Selam Millet!
Biliyorum, millete
takılacaksınız. Bir çay, kahve ve bitter çikolata alın bence, biraz
uzatacağım!
Hayli bir aradan sonra
yeniden aranızdayım. Görüşmeyeli dizlerimde ağrılar
başladı, epeyi yaş aldım. Dünyada kalış sürem bir T rex yavrusuna yaklaştı.
Neyse ki aklım ve heyecanım dizlerime mıhlanmış değil.
Yeniden uyanış günümde,
sizleri, vaktiyle ataları Türkiye'den Rusya'ya oradan da Amerika Birleşik
Devletleri'ne göç etmiş, kelimeleri, gözleri ve zihniyle dünyayı silkelemiş bir
ustanın video linkleri ile biraz yalnız bırakıp dönücem: Bob Dylan. Görsel akış
paketlerinin sahibi ben değilim.
İngilizcesini
yakalayamayanlar bana evrimgurel@yahoo.com'dan bir posta gönderirse, vaktim
oldukça yardımcı olmaya çalışırım.
Bob Dylan'ı seçmiş olmamın
nedeni var. Bob Dylan ve -eğer vaktiniz varsa, öncesi ve sonrası 40 yıla bir
bakın lütfen- arkadaşları bir tavrı temsil ediyor. Bugün sahip olmadığımız bir
düşünme ve fikir paylaşımı yaklaşımı geleneğine sahipler. Bu benim, sürmesini
istediğim bir gelenek.
Her şeyin, bir süredir çok
kolay ve ulaşılabilir ya da kolay ulaşılabilir olduğu günümüze ait olmayan bir
"akıl yolu ve aktarım" geleneği. üzerine düşünmek iyi olur diyorum.

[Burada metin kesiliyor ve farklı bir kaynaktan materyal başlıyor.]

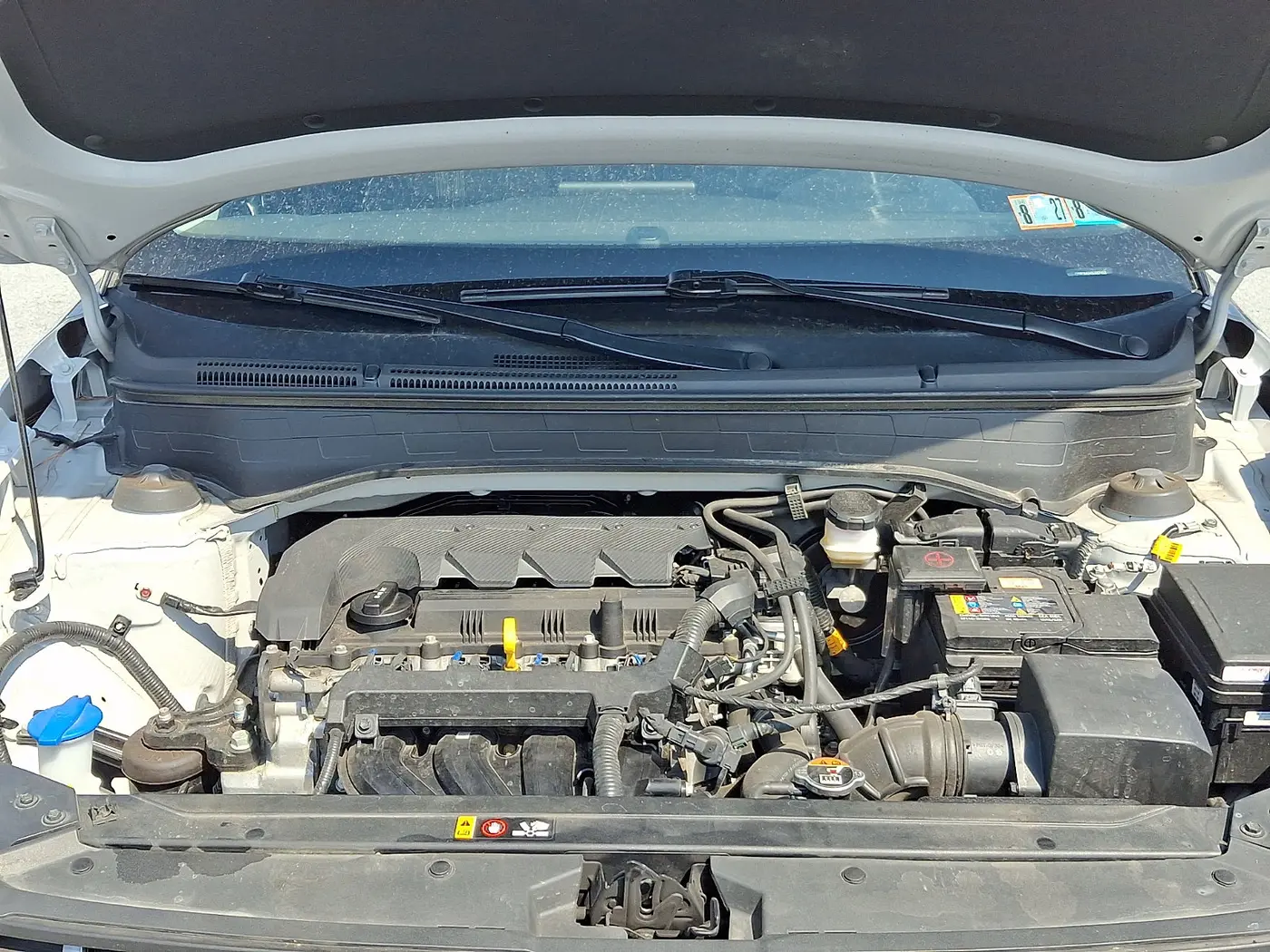 2025 Hyundai Venue - $17,550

Vaktiniz olursa, o insanların nasıl iletişim kurduklarını bir izleyin
lütfen. Birbirlerinin sınırlarını ne kadar geçtiklerini, hangi soruları
sorduklarını, nerede nasıl durduklarını, reddediş biçimlerini, saygılarını ve
saygısızlıklarını görün. Hiçbir şeye sahip olmayıp gördüğümüz her şeyi bizim
sandığımız bir dünyada, kendimiz için iyi bir eleştiri olur.
Kendimden ve tüm
meslektaşlarımdan dileğim budur. Lütfen, Ortak Defter'in en başına dönüp,
Usta'nın "Etik" notuna bir göz atın ve reklam sektöründeki her sabahı
bu anlayışla karşılayın.
Bir de bir bilgiye ulaşma
hikayeniz olsun. Herhangi bir
konuda, bir bilgiye ulaşma hikayesine sahip olmak, paha biçilmezdir.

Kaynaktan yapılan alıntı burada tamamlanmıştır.